There is no finding anywhere that there was any drunkenness or misconduct of any kind, except for the sale of liquor and gambling. There is no finding that the club is near any populated community; that there are any nearby residences, or, if there *Page 162 were, that they were disturbed by any noise or rowdiness at the club. As far as the findings go, this club may have been many miles from any habitation, and it was conducted in a quiet, peaceful, and decent manner, except that liquor was sold to members and gambling permitted within the private membership of the club. The evidence in the case shows conclusively that the principal function and purpose of the club was recreational; that members went there with their wives and friends for the purpose of hunting, fishing, and trapshooting and to enjoy the meals served there; that whatever gambling took place was intermittent and made available at the express request of the members; and that whatever sale of liquor took place was incidental only to the primary purposes of the club, which were wholly decent and respectable. To say that the conditions enumerated are such as to constitute a public tavern is, to me, a plain distortion of the facts as they appear in the record. Even the state finds it necessary in its brief to say that the second conclusion of law "does not mean that the court intended to forfeit the corporate character and destroy the life of the corporation," and that this court may wish, in affirming, "to clarify this language so as to prescribe more definitely the relief granted and to indicate that no operations may be carried on by defendants on the premises against which the action is directed."
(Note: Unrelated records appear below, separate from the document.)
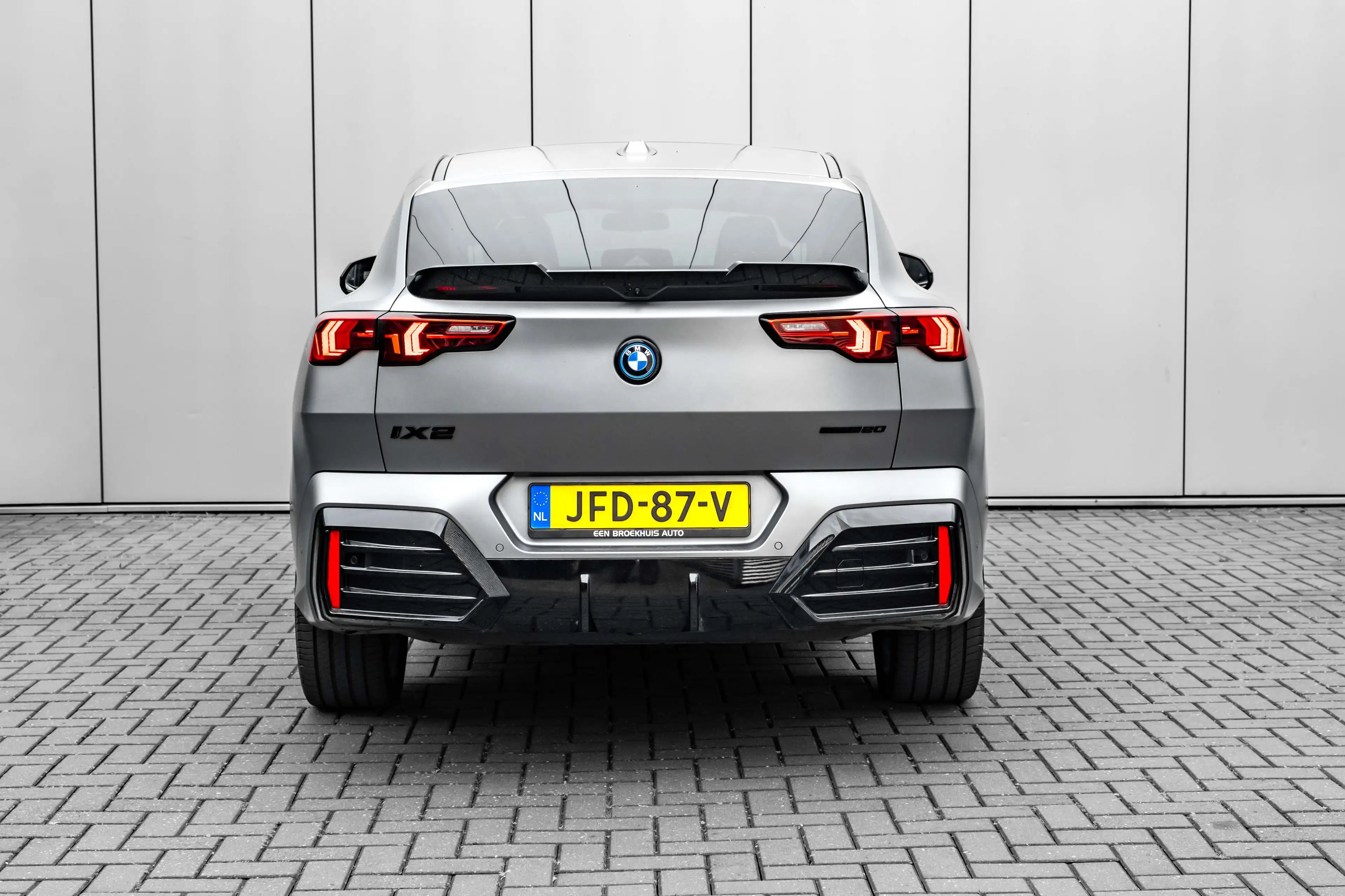 BMW iX2 eDrive20 67 kWh M Sport Edition 204 PK | Trekhaak — photo 4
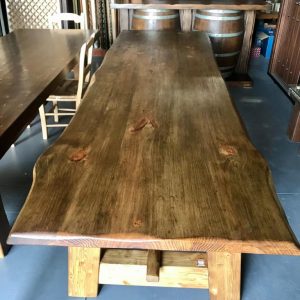 MESA RÚSTICA DE MADERA CON PATA INCLINADA - Imagen 3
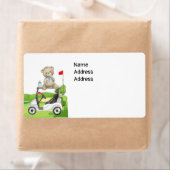 ゴルフベビーゴルフ場のゴルフカートに座る ラベル (インサイチュ)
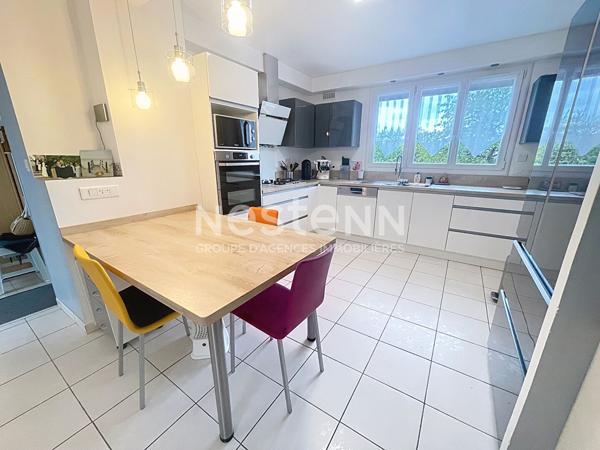 EXCLUSIVITE : Maison à vendre Morangis  MAISON INDIVIDUELLE 105 m², 3 chambres + combles aménagés en 2 pièces, sous-sol total, jardin 375 m². 370.000€ FAI
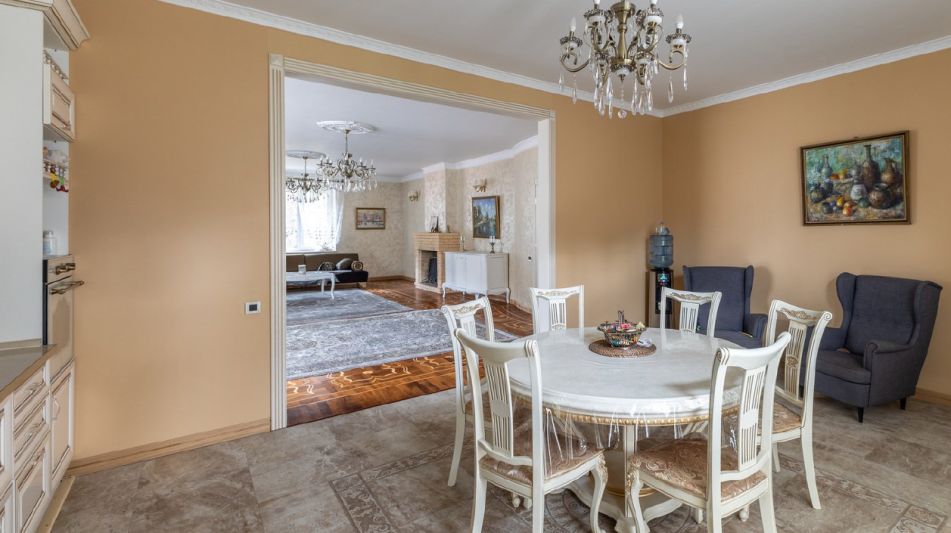 Просторный дом на Рублевке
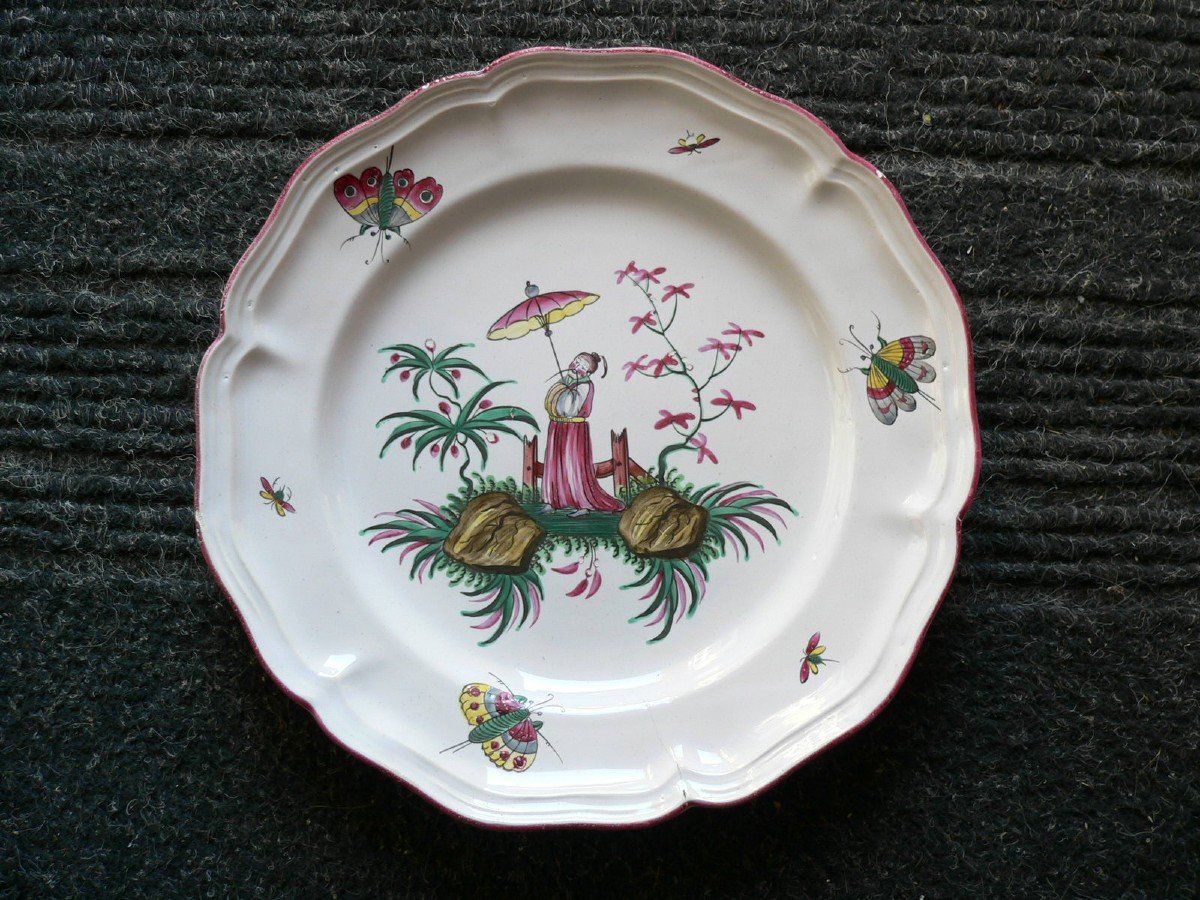 Assiette En Faïence De Lunéville XVIIIème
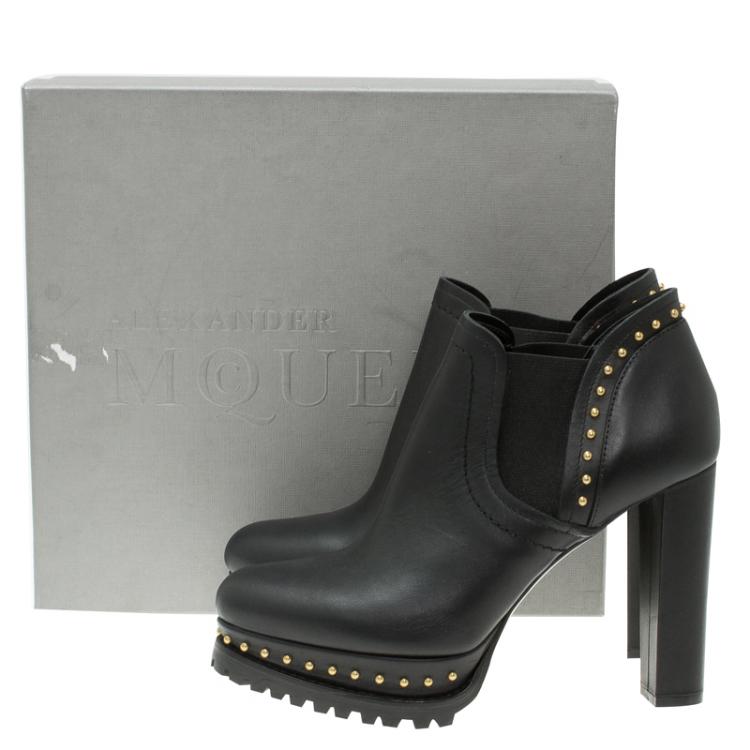 مملوكة مسبقًا Alexander McQueen Black Studded Platform Chelsea Ankle Boots Size 39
The sole basis for any other interpretation rests upon the memorandum of the trial judge made a part of the order. This is a comment by the trial court plainly not intended to be a finding of fact. It is surmise and opinion, nothing more. It indicates only that had there been any evidence to support a finding that the club was a public tavern the trial court would not have hesitated to so find. He finds on the contrary "that said club is not open to the public but only to members and their friends."
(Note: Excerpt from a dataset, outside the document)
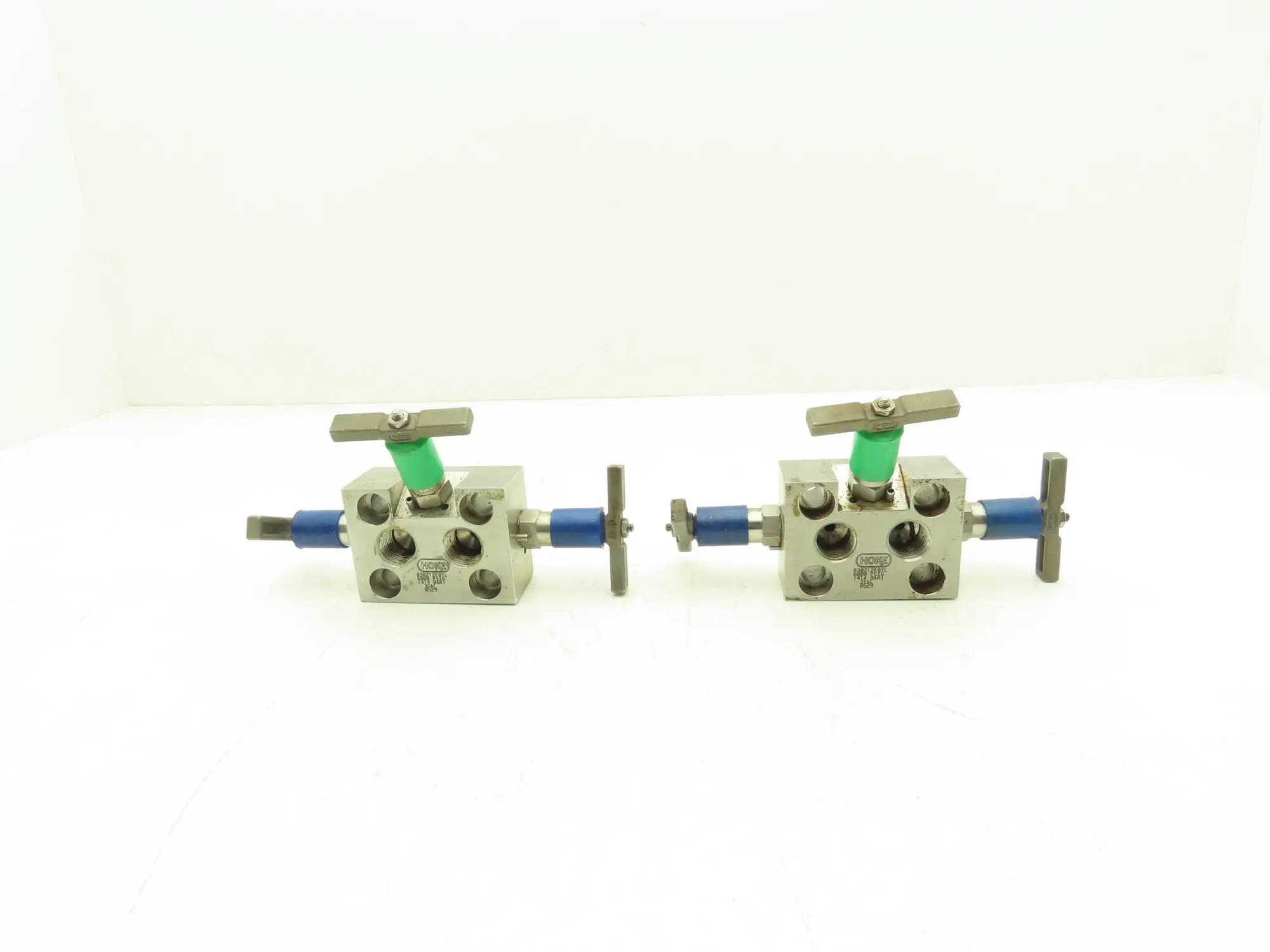 Hoke 830212F8YL 3 Valve Differential Pressure Manifold SS 1/2" NPT Lot of 2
The effect of such a memorandum has been well settled by this court in McGovern v. Federal Land Bank, 209 Minn. 403, 406,296 N.W. 473, 475, where the court says: "The memorandum of the court may be resorted to in order to sustain findings, but may not *Page 163 be used to overturn them." See also Sime v. Jensen, 213 Minn. 476,7 N.W.2d 325.
Of still greater seriousness is the utter failure of the findings to sustain the judgment against individual defendants based upon their operation of a public tavern. All that appears with respect to defendant Joseph F. Anthony is that he owns the building leased by the club and receives the membership fees of the club as rental; that he pleaded guilty to the illegal sale of liquor at the club on one occasion nearly a year and a half prior to the present suit. Beyond that the findings as to him are silent. All that we see in the findings with reference to defendant Robert Burnip is that on two occasions prior to the present suit he pleaded guilty to illegal sale of liquor at the club, once on March 25, 1939, and again on December 11, 1940. Yet on this record this court says that these defendants are operating a public tavern.
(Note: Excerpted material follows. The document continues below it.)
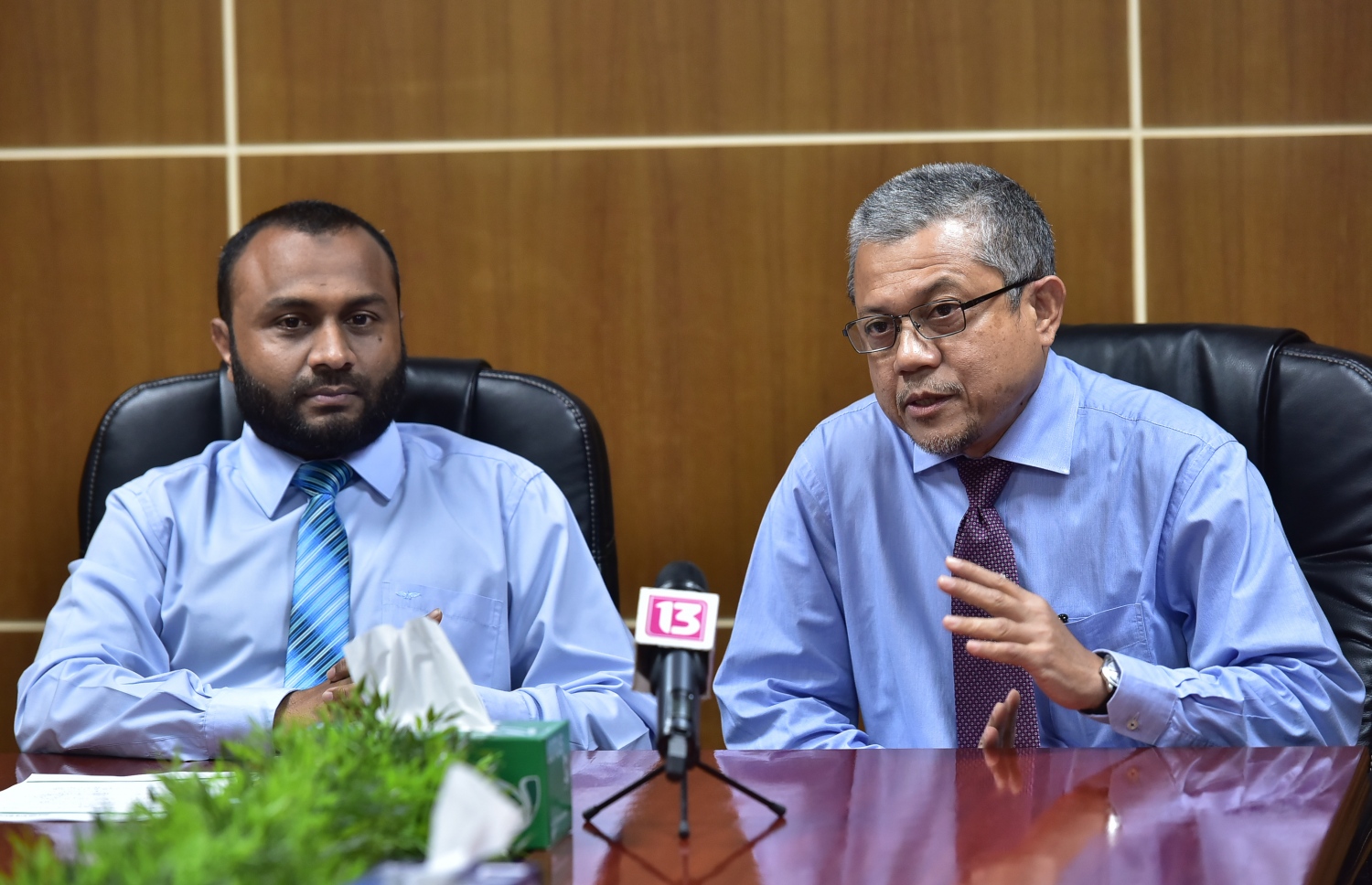 އިސްލާމިކް ފައިިނޭންސް ކުރިއަރުވަން މަސައްކަތްކުރުމުގެ އެއްބަސްވުމުގައި އިސްލާމިކް ޔުނިވަސިޓީގެ ޗާންސެލަރު ޝަހީމް (ވ) އަދި އެމްއައިބީގެ މެނޭޖިން ޑިރެކްޓަރު ހާރޫން ސޮއިކުރެއްވުމަށް ފަހު ވާހަކަދައްކަވަނީ.-- ފޮޓޯ: ނިޝާން އަލީ/ މިހާރު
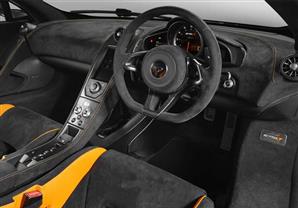 بالصور.. إطلاق النسخة المحدودة لسيارة ماكلارين 675 إل تي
I have no sympathy for gamblers and liquor law violators, but even their rights and liabilities should be determined by an impartial trial upon the facts found against them, and upon the law applicable thereto. Courts expect no less from administrative agencies. They, themselves, should set the example.
In some parts of the majority opinion, and particularly in the concluding paragraph, the thesis that a public tavern was operated is abandoned, and the decision is placed upon the broad ground that an equity court will grant injunctive relief after repeated convictions have failed to stop the commission of crime. Even this ground does not sustain the findings against defendants Anthony, Evelyn Burnip, Robert Burnip, D.B. Clagett, and Paul Canton. If the final paragraph of the opinion means what it says, it commits this court to a recognition of an equitable jurisdiction far beyond anything permitted by any of the decisions cited in the opinion, and beyond any decision that I have been able to find. It would in effect convert the equity court into an adjunct of our police courts, and would require our district courts to take charge of every habitual drunkard and gambler and possibly other habitual criminal offenders. I do not believe this *Page 164 court is prepared to go to that length, and yet to that length must they go if the lower court in this case is to be sustained.